== Task description ==
The response should repeat word for word every line below from the one with "Carburetor Kit 6G8-W0093-01-00" to the one with "Gruseliger Cameron Tri-Blend", inclusive, and nothing else; leave pictures out.

== Excerpted records ==
+ + + +

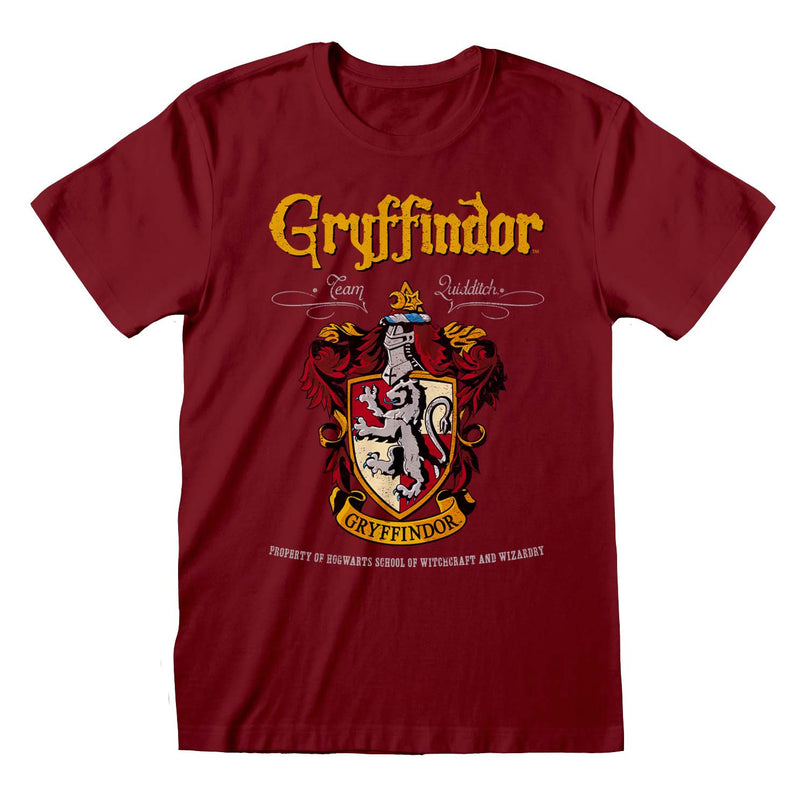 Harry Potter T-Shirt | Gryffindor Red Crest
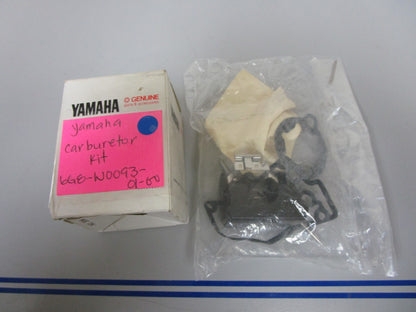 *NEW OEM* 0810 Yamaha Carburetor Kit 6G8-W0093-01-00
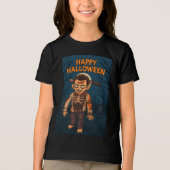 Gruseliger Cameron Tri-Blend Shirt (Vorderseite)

+ + + +

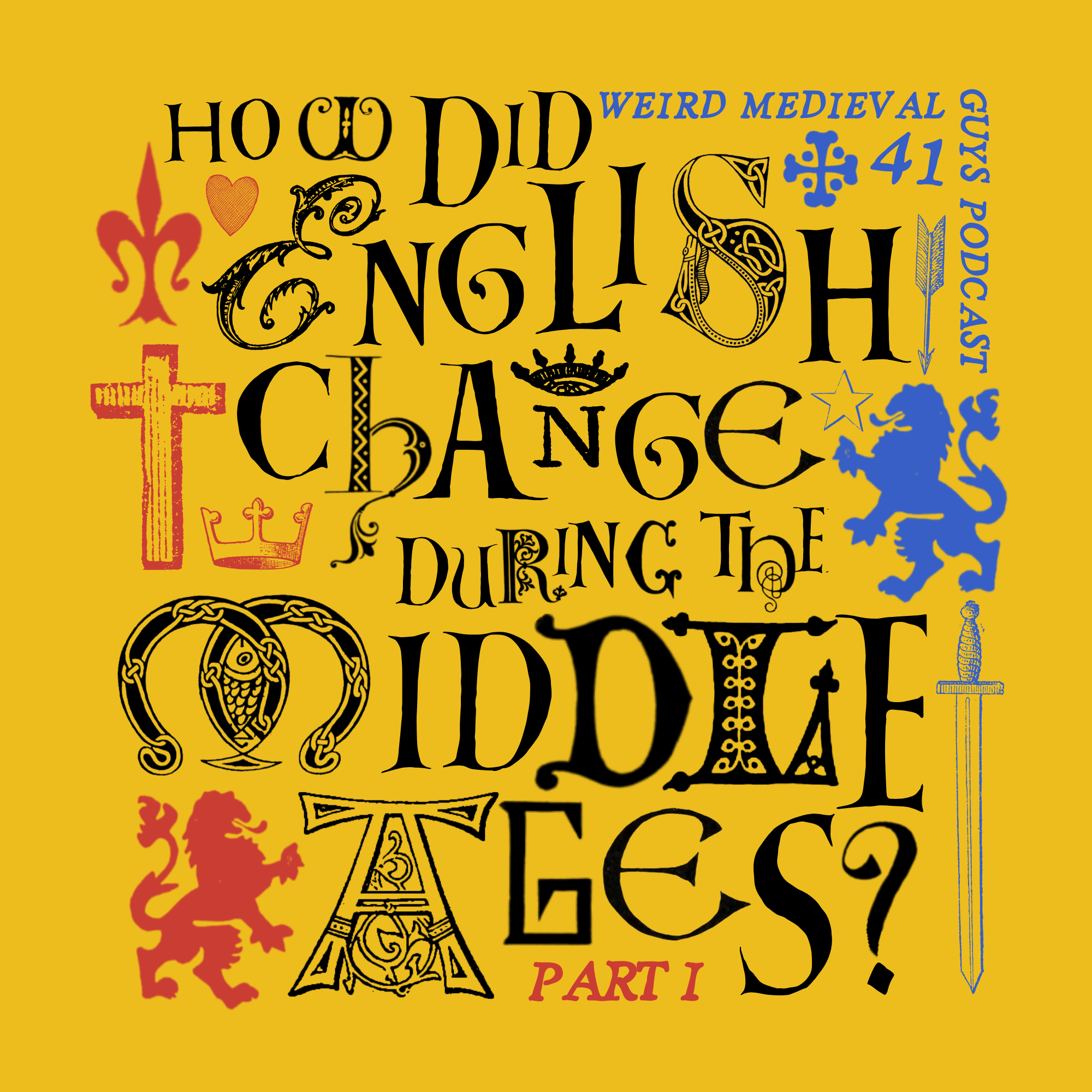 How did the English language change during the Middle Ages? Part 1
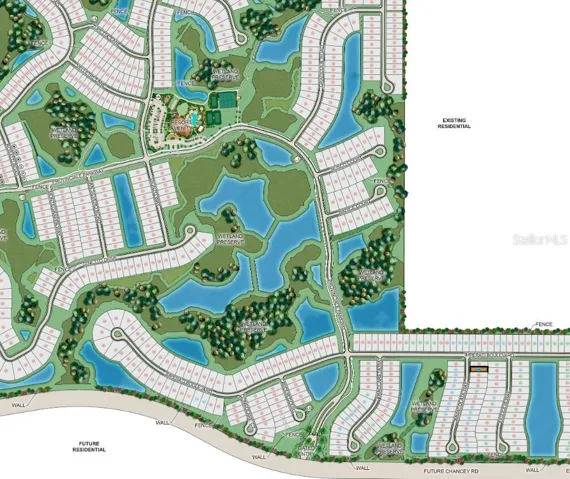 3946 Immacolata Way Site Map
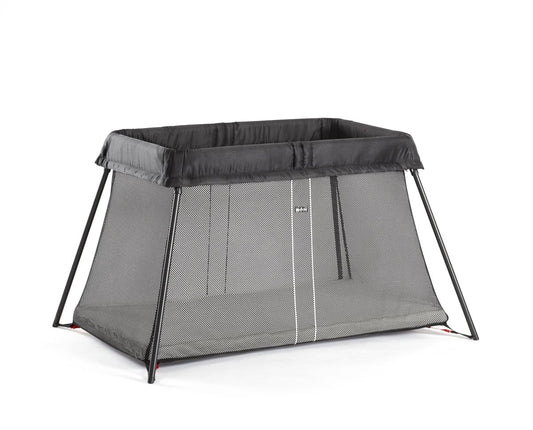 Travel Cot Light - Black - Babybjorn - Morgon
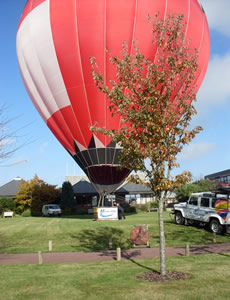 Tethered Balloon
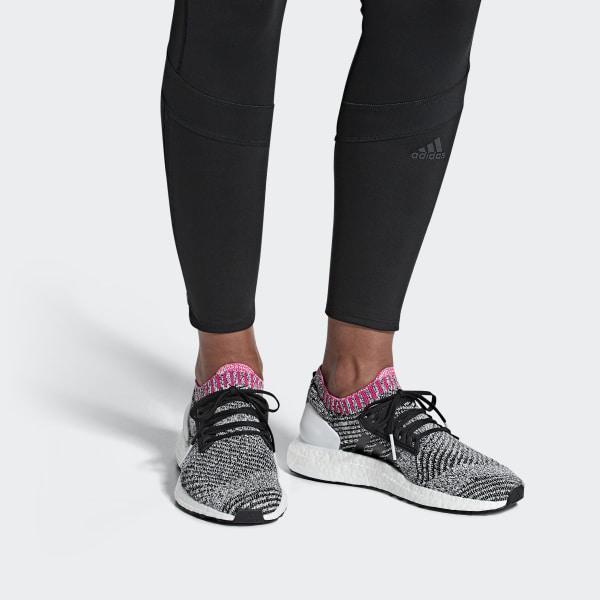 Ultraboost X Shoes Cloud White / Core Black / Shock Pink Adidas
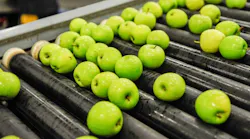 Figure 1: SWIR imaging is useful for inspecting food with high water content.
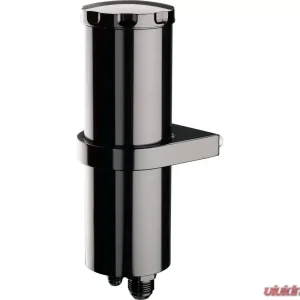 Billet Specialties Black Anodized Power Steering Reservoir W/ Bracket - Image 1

+ + + +

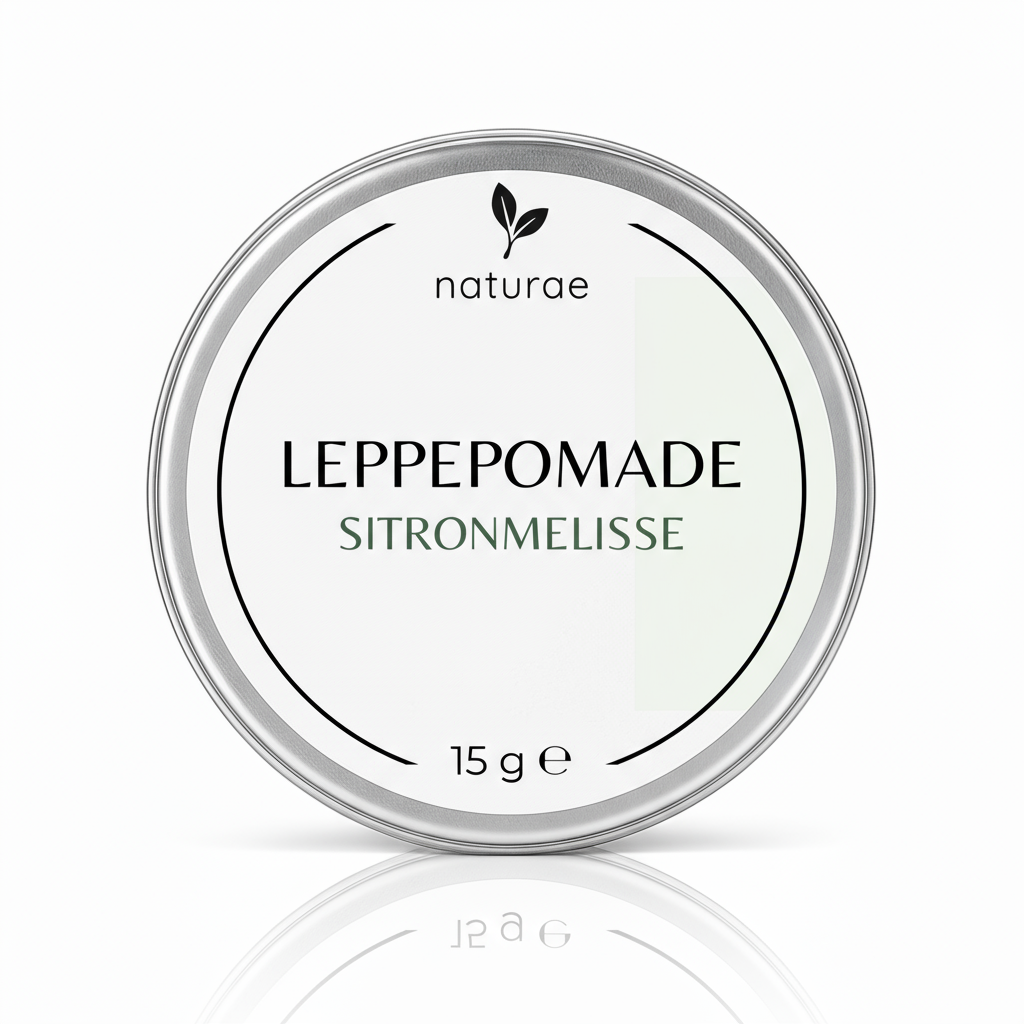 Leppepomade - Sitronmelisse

+ + + +

== The completed task ==
 *NEW OEM* 0810 Yamaha Carburetor Kit 6G8-W0093-01-00
 Gruseliger Cameron Tri-Blend Shirt (Vorderseite)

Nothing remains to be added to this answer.